Not sure if other folks have experienced this, but our DB steer got sore backed with the pour-on wormer on the white skin area. No reaction to wormer on his black skin. So we didn't use the wormer on his white skin again. We also avoided the white skin on our Holstein and Hereford calves when we wormed them this year, "just in case".

Here is the Dutch Belted Breed site. There are tabs for various information under the name, but hard to read blue on black. Maybe I have my screen too bright! I would buy another one!!

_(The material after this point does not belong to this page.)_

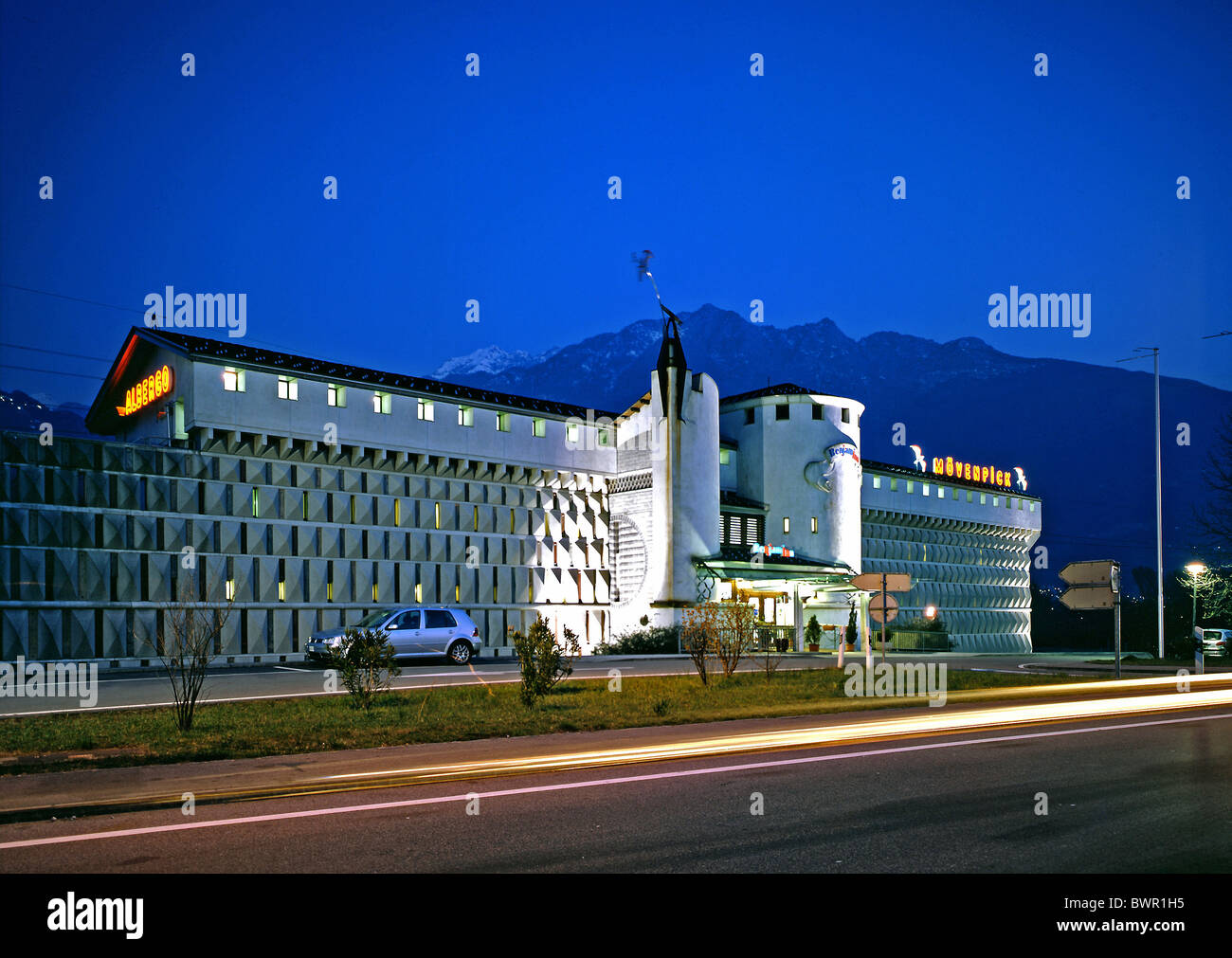 Svizzera Europa Bellinzona ristorante autogrill autostrada Autostrada  ristorante di notte architettura sede Foto stock - Alamy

http://www.dutchbelted.com/


----------



## loislanefl (Nov 7, 2011)

The family cow message board has some people with DBs who can probably answer your questions. The ones who have them seem to like them.


----------



## Patrick (Sep 13, 2011)

They are not rare, but are uncommon, especially in some areas. ALBC doesn't know what the heck they are talking about regarding the true population status of many of the breeds on their "conservation priority" lists. Ducth Belts at one time were similar in size and production to Holsteins, but today both have dropped a little due to lack of selection, related to their low numbers. Temperaments are similar to Holsteins too, in my experience. They originated in the same area and from some of the same stock. People confuse them with Belted Galloways all the time. I don't know why. It's like confusing a Dalmation with a Leopard Appy as far as I'm concerned.


----------